A Game Without Rules is the middle portion of a trilogy that began with A Matter of Life & Death. A series of tests was set in motion to determine a kingdom’s new ruler, but among the contestants only Io and Nemas are aware that the adjudicating sorceress is running a fixed game, and her intention is failing contestants don’t just drop out, they die.

That’s pretty well all the background Alexis Deacon supplies for anyone who hasn’t read the opening story. Effort was made there to ensure readers came to know several characters, and the spotlight continues to be on them, but aside from Toras being a villainous bully there’s little clue as to what others are like in the early stages. Those who remember Nemas may be frustrated that it’s a fair way into A Game Without Rules before he appears. However, Deacon builds the background and suspense far better, and four tiers of panels on each page ensure a dense story where imagination is all. It’s clever and it’s thrilling and can constantly wrong-foot readers because that’s the way Deacon, via the sorceress, sets up the rules. There’s also the occasional reminder of the series title, referring to a curse that can’t be broken without dire consequences.
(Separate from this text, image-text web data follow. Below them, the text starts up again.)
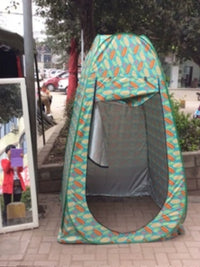 Pop-Up Privacy Tent for Changing, Showering, and Outdoor Activities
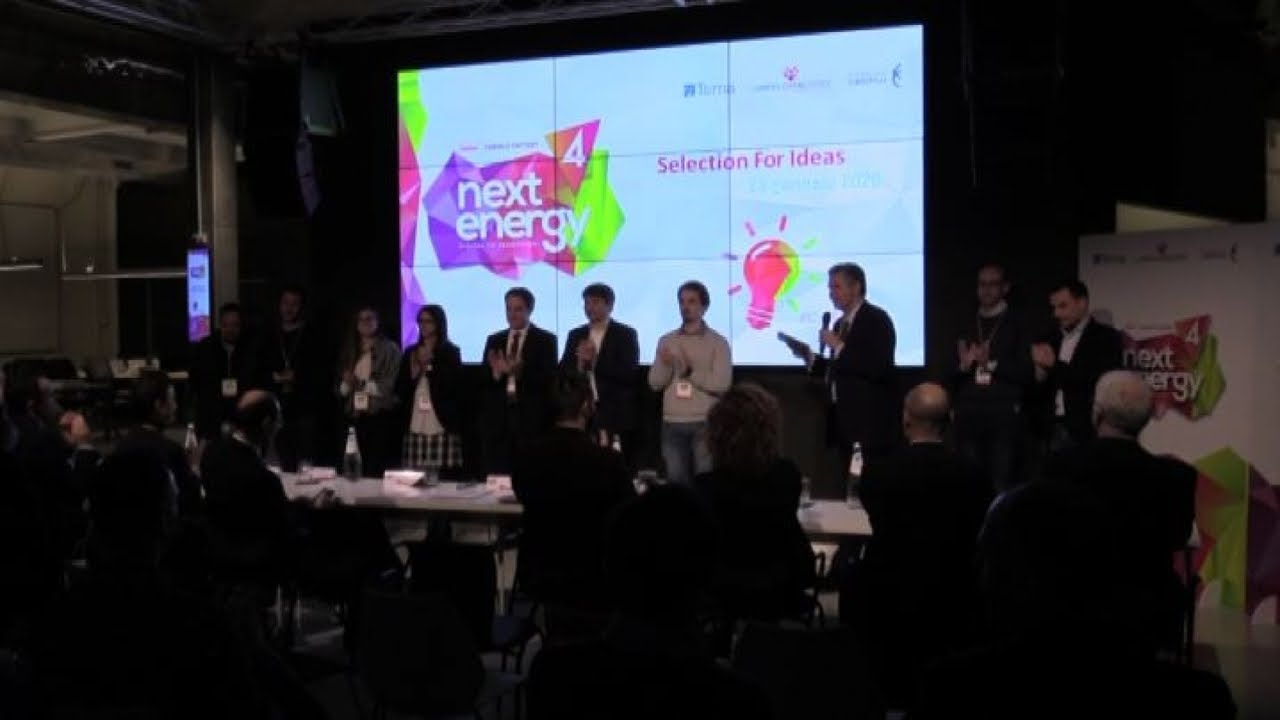 Idee che diventano progetti innovativi: la quarta Next Energy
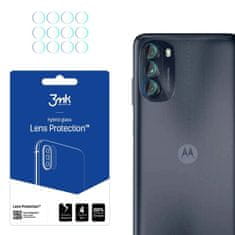 3MK Lens Protection ochrana kamery pro Motorola Moto G 5G 2022 ,(4ks) 5903108474160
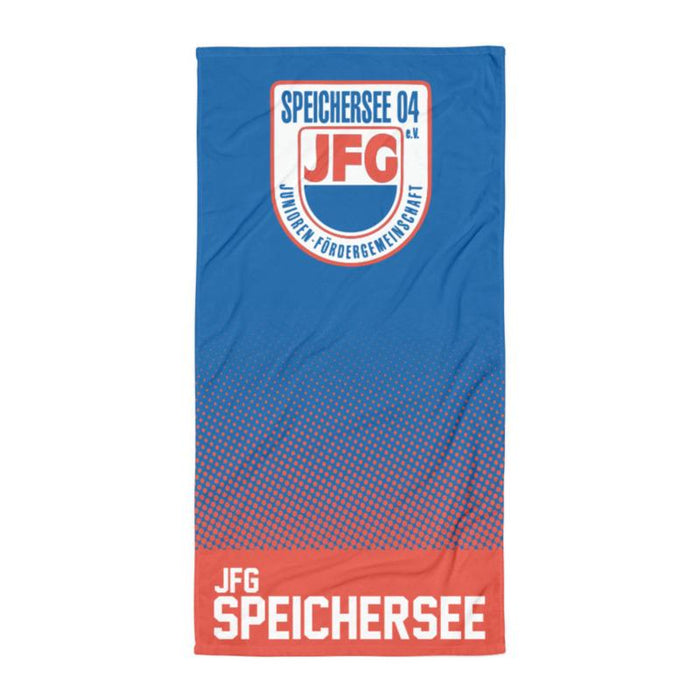 Handtuch "JFG Speichersee #dots"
Deacon’s art at first looks sketchy, but there’s considerable definition within that, both of people and locations, making for very busy pages. The colour is also well considered. For much of the book black and white play their parts, yet not as shadow and light, so when there’s a different colour it really stands out.

Because there are games within games, a variety of situations occur, a legal paradox being very interesting, and all the while those with greater knowledge compete against impossible odds. Deacon includes many standbys of the fairy tale, including temptation, transformations and magic, and like fairy tales there’s the occasional lack of sentimentality, an understanding that for a story to be strong an author can’t always be attached to his characters.

What at first seemed to be a young adult fantasy has broadened into something thought-provoking, original and well worth reading. The Will That Shapes the World is noted as concluding Geis, but it never appeared under that title. Instead Geis was rebranded in paperback as Curse of the Chosen, and the conclusion is found under that title.